> _ACTIVITY_:
From the records below, state how many lines include the word "with", giving only that number.

> _DATA EXTRACT_:
______
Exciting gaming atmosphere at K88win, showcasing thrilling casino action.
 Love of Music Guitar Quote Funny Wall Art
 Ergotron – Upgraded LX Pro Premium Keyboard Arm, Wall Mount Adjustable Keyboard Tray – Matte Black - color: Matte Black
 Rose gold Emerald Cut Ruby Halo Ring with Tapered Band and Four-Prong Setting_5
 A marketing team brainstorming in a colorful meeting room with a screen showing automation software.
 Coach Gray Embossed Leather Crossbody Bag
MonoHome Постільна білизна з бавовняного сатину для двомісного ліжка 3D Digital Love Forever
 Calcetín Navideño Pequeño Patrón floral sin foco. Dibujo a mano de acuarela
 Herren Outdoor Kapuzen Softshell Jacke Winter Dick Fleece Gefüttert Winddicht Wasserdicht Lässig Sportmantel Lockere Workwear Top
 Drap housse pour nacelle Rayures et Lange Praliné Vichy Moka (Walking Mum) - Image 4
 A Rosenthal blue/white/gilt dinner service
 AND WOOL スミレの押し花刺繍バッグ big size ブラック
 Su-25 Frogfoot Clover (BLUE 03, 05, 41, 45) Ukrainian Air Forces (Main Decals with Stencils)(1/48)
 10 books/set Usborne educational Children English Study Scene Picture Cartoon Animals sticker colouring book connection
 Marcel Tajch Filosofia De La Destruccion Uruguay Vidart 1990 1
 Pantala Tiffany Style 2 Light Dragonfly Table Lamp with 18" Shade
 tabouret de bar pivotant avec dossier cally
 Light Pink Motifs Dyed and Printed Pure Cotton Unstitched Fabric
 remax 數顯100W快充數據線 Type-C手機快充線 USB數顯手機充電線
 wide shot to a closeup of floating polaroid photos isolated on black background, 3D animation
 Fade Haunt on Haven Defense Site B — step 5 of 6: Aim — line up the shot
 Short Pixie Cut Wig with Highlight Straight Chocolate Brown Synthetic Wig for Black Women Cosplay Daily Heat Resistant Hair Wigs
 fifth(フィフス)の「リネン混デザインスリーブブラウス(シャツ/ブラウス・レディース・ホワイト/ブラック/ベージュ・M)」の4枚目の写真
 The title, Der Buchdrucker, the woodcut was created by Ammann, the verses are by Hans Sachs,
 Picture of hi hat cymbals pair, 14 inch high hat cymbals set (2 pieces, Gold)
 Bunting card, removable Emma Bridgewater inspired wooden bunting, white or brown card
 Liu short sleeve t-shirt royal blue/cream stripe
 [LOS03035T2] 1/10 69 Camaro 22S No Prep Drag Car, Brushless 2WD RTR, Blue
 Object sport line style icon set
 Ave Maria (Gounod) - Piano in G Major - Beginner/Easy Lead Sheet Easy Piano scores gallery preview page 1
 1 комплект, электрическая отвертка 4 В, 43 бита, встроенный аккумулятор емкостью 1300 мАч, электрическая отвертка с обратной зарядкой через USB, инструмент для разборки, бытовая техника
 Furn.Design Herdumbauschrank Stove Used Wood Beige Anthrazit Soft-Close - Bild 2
______
> _ANSWER SECTION_:
5